Of course, the fact that ChatGPT demonstrates that an entity can perform thought-like actions without thinking says nothing about the question of whether some other entity does need to think. So, this argument is purely analytic. CPT's ability to write sonnets doesn't ultimately settle the question of whether rats are conscious. But the version of the argument that I've laid out seems, to me, to increase the plausibility that complex behavior by non-humans can be accomplished algorithmically. Of course, just as Tyler's version of the argument says more about his priors than it does about animals, the same is true for my version.
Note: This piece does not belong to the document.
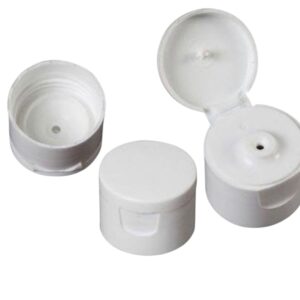24/410 Flip Top Cap - White (Pack of 100)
I was already inclined, intuitively, to buy the arguments of philosophers who think that consciousness exists only in people.
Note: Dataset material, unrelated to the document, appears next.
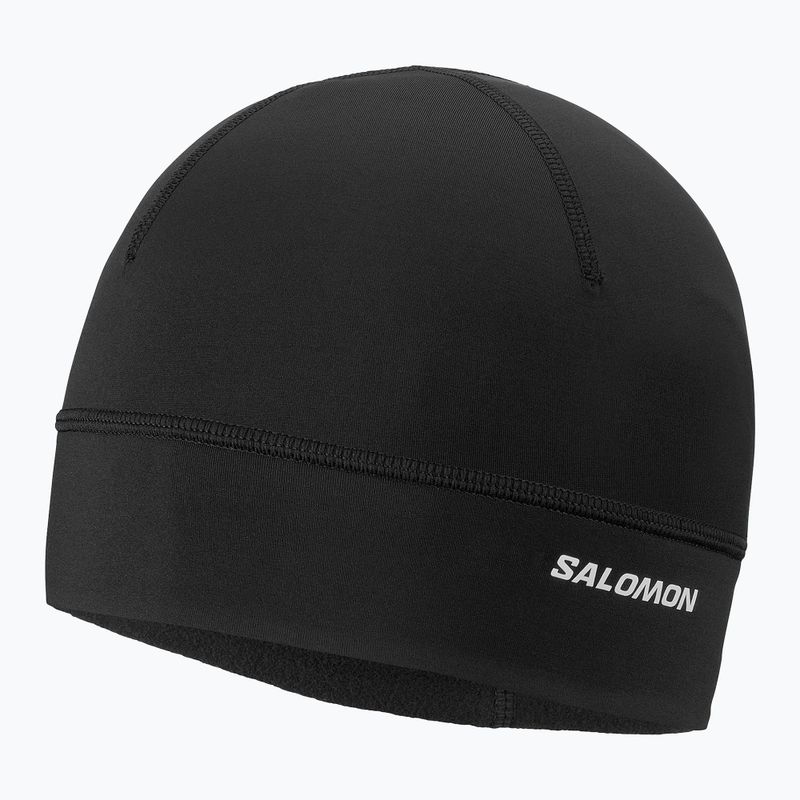 Běžecká čepice Salomon Run Tech Beanie deep black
Tyler's other claims about the philosophical implications of ChatGPT seem equally stretched. He asks, for instance, why the aliens haven't visited us. Now that we see how easily the trappings of intelligence can be conjured by programmers, surely evolution or some other such force must have created far more intelligence across the universe than we can know? But, to build on Deutsch's point about GPT and the flying-horses, the better conclusion to draw would be that the outward suggestion of intelligent behavior is misleading, and that genuine thought remains rare, on our planet and possibly elsewhere as well.